Joe Biden’s Daughter Ashley Admits Her Diary Entries Are Real In Court Letter: ‘Showers With Dad’
After much speculation, Ashley Biden has reportedly claimed her controversial diary in a court filing — and the details inside the journal are shocking.
Ashley made headlines after she accused her father, Democratic president Joe Biden, of inappropriate sexual behavior at a young age in a diary which was stolen from a Florida home in 2020 and published online.
The diary — which was sold for $40,000 — reportedly also held secrets regarding her drug use. Following treatment at a rehab, Ashley moved to a halfway house where the book was found under a mattress, per The Daily Mail.

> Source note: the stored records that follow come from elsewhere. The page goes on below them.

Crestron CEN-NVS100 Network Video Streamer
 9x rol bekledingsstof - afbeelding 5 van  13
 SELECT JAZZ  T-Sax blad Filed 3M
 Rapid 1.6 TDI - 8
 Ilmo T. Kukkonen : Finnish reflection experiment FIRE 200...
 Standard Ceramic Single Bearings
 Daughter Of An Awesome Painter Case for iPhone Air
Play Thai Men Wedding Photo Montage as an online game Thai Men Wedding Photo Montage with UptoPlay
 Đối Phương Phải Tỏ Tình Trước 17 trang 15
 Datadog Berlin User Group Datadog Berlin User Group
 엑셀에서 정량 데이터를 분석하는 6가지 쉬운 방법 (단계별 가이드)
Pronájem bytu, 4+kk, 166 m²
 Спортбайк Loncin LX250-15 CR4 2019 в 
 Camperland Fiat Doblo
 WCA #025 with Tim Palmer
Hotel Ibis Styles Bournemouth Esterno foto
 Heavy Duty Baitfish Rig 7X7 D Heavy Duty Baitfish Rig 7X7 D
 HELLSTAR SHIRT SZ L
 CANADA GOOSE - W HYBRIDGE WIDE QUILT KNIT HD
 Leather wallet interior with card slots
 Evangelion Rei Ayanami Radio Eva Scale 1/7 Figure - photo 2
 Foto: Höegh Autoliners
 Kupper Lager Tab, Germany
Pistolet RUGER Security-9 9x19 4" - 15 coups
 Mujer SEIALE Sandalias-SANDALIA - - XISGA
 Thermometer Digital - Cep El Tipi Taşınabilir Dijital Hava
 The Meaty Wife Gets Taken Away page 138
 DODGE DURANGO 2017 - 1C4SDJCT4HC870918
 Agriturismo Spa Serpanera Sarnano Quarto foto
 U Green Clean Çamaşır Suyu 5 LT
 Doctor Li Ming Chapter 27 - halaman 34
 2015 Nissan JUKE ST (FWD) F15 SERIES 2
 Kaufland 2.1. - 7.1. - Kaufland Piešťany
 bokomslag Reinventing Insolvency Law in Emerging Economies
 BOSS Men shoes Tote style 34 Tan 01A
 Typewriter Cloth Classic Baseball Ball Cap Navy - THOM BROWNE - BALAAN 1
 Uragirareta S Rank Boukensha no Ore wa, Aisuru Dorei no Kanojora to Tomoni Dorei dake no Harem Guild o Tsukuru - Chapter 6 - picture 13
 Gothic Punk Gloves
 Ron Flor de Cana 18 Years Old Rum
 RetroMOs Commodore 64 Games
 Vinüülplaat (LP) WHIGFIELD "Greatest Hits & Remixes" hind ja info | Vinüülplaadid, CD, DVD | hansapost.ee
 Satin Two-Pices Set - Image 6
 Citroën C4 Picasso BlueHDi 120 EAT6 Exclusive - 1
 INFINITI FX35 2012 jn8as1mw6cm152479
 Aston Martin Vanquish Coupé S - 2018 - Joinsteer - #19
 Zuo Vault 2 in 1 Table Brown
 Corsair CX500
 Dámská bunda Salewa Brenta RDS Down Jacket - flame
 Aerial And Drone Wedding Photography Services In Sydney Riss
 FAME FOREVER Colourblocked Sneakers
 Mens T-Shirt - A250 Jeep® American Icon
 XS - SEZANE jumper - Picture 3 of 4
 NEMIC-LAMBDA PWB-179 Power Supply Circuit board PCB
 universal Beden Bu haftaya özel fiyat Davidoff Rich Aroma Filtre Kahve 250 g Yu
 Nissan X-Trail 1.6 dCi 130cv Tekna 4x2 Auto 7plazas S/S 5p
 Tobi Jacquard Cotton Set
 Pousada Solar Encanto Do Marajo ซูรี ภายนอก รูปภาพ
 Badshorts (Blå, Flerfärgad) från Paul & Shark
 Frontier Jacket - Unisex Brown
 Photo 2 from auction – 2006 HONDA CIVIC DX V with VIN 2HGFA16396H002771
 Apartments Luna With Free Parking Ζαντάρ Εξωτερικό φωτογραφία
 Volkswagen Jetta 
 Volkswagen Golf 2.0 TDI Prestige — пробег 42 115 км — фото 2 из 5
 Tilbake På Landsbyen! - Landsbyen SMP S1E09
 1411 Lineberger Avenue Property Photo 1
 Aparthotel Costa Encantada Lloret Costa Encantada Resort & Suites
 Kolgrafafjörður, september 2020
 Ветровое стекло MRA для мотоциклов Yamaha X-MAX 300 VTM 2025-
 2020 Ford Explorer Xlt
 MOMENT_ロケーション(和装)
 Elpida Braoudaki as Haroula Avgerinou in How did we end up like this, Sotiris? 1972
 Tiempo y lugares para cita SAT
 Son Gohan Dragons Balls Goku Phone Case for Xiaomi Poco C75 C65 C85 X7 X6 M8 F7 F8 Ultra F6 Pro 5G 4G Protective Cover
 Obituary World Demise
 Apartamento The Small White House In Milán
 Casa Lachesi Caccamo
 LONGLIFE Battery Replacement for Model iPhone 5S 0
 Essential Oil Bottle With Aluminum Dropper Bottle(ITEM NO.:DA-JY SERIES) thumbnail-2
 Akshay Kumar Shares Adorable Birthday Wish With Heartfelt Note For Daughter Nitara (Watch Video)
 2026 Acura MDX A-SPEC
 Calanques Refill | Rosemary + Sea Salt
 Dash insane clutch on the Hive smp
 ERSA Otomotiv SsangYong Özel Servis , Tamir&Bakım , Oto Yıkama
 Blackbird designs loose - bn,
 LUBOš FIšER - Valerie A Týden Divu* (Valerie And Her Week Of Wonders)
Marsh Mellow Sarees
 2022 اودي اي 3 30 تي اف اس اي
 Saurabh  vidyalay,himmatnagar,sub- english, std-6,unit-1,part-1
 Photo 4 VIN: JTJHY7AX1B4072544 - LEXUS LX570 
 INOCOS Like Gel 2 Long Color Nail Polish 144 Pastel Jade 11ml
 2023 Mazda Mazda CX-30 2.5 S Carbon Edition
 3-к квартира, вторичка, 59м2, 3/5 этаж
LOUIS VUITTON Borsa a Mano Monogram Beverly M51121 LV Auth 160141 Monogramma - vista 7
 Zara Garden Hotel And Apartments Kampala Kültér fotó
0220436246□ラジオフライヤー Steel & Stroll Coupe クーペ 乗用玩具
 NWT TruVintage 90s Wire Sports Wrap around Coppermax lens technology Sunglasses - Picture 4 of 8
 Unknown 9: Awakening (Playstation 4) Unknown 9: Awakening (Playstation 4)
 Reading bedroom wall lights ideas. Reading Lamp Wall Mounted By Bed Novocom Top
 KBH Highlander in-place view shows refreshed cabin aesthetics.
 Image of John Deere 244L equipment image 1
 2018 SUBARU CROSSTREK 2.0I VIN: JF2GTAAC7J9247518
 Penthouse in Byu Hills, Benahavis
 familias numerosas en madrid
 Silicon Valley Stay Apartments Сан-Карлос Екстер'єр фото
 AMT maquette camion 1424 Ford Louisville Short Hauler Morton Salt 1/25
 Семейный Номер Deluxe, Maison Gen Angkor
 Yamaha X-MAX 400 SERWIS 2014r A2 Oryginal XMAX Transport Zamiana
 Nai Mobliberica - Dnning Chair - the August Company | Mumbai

According to the media outlet, Ashley herself has confirmed that the diary is authentic in a court filing which became public last month.
The president's daughter, 42, reportedly also wrote in her journal about showering with her father in addition to her fears that she may have been hypersexualized at a young age.
"What was this due to?" she asked in a written entry from 2019. "I can't remember specifics but I do remember trauma. She also stated in the same entry that she was undergoing treatment for "trauma."
Specializing in fact-checking obscure truths and misinformation, Snopes has recently changed Ashley's diary fact check from "unproven" to "true" based on testimony provided by Ashley in an April 8 letter to a New York judge. In the letter, she stated she was "deeply saddened that I even have to write this letter because my private journal was stolen and sold for profit."
The woman who sold Ashley's diary, 41-year-old Aimee Harris, was sentenced to a month in federal jail and three months of home detention for selling Biden's diary to Project Veritas — a conservative media group dedicated to secretly infiltrating progressive organizations.
Harris was also ordered to forfeit $20,000 and serve three years of probation at her sentencing in the U.S. District Court in Manhattan, per CNBC.
"I do not believe I am above the law," Harris told the Associated Press. "I'm a survivor of long-term domestic abuse and sexual trauma."